Every agent has that one competitor whose ads seem to be everywhere on Google, Facebook and every scroll in between. The natural instinct is to wonder, “What are they doing that I’m not?”
The good news: You don’t have to guess. Google and Meta have built public tools that allow anyone to see what ads are running in their market. It’s not hacking. It’s smart research. And when used correctly, it can help you create real estate ads that stand out instead of blending into the noise.
TAKE THE INMAN INTEL SURVEY FOR DECEMBER
But before we go any further, let’s be clear: This isn’t about copying what other agents are doing. It’s about understanding your local ad landscape, the tone, the visuals, the hooks, so you can build campaigns that look, sound and feel different.
Why spying on competitors matters more than ever
The truth is, most real estate ads look the same. Between third-party lead vendors and franchise marketing templates, a lot of paid ads are built from identical playbooks. Same colors. Same wording. Same stock photos of families holding keys.
When every ad in your market looks the same, consumers tune out. That’s where competitive research changes the game. By studying what’s already flooding your local market, you can design creative/ad copy that cuts through the clutter instead of adding to it.
Step 1: Use Google’s Ad Transparency Center
If you haven’t explored Google’s Ad Transparency Center, it’s a goldmine. The tool lets you search any advertiser’s domain and instantly see the active and past ads they’ve run.
Here’s how it works:
- Visit the Ad Transparency Center.
- Type in the domain of the advertiser, say, Zillow.com or a local competitor’s website.

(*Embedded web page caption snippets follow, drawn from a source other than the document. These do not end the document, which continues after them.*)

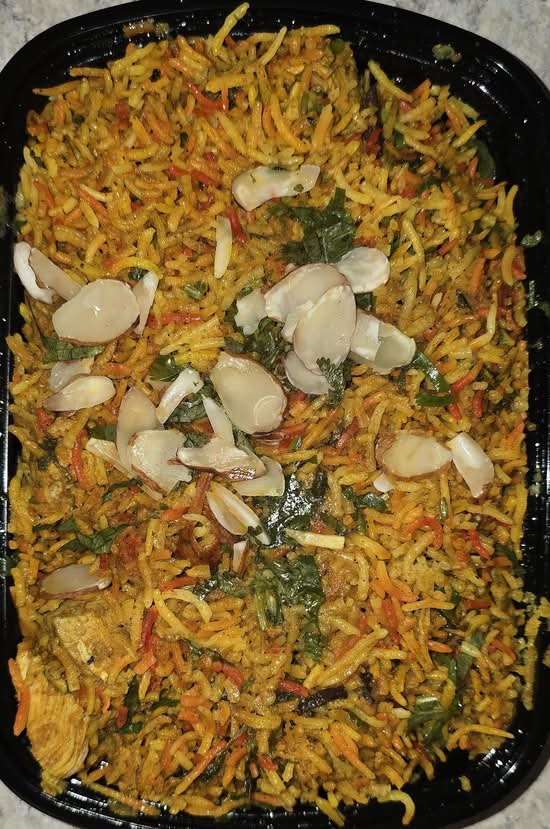 Boneless Chicken Tikka Biryani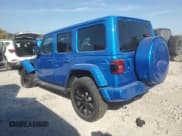 ✅ 2023 Jeep Wrangler Sahara • VIN: 1C4HJXEN4PW667027 • Лот: 84585385. Опубликован ранее на Copart с пробегом 25 751 миль. Бесплатный доступ к архиву аукционных продаж из США и подробный отчёт об истории автомобиля на DreamBid. Изображение 2.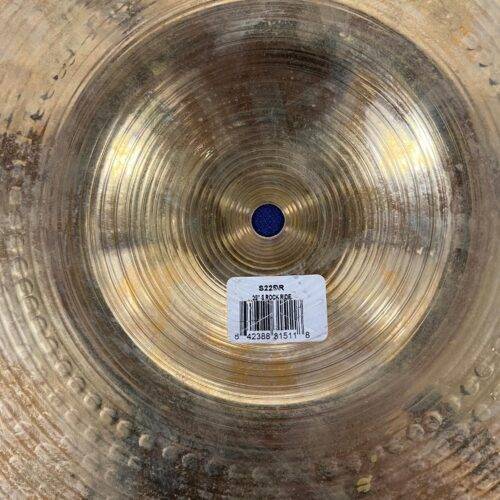 Used Zildjian S Series 22" Rock Ride Cymbal 3724 grams S22RR - Image 8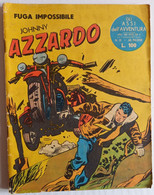 JOHNNY AZZARDO  N.21  DEL  25  FEBBRAIO 1964  - EDIZIONI  VITA (CART 49) - Prime Edizioni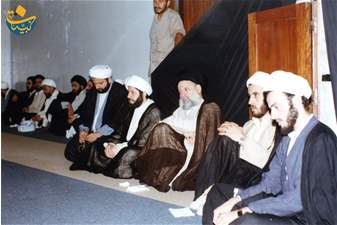 التعازي بوفاة السيد النجفي  03 09 1990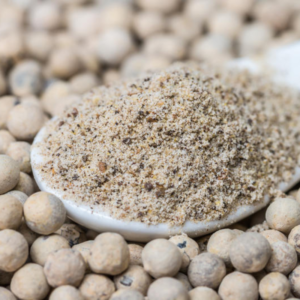 Premium Ceylon Organic White Pepper Powder | Ground True Spice from Sri Lanka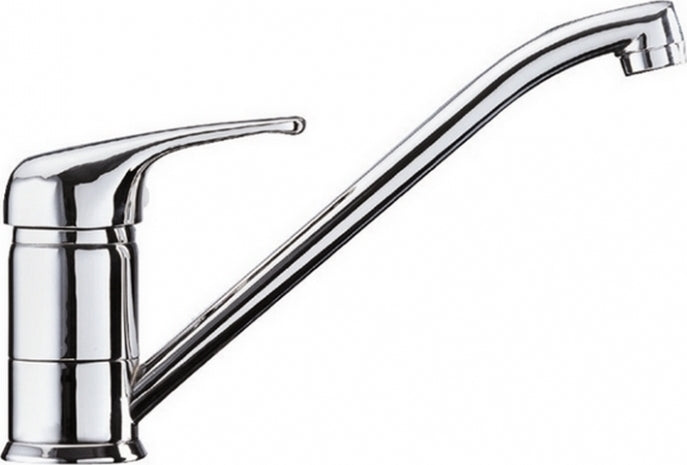 Кухненски смесител 1652 хромиран едноръкохватков смесител от Италия – онлайн магазин за обзавеждане за бани KERANOVA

- You’ll see every ad that domain has run recently, from images to ad copy.
You can filter by region, date and format. And while you won’t see performance data like click-through rates, you will start to notice patterns: which headlines repeat, what visuals dominate and how competitors position their message.
That insight helps you identify the “norm” in your market so you can intentionally break it. If everyone is using templated language like “Find Your Dream Home,” go with something more local and specific: “See Every Home for Sale in Rapid City Under $500K.”
Step 2: Explore the Meta Ad Library
Meta offers a similar tool, the Meta Ad Library, that lets you see every active ad running across Facebook and Instagram.
Once inside, choose the Housing category, then search by keyword, advertiser name or location. Within seconds, you can see every ad other real estate agents, teams or brokerages are running in your area.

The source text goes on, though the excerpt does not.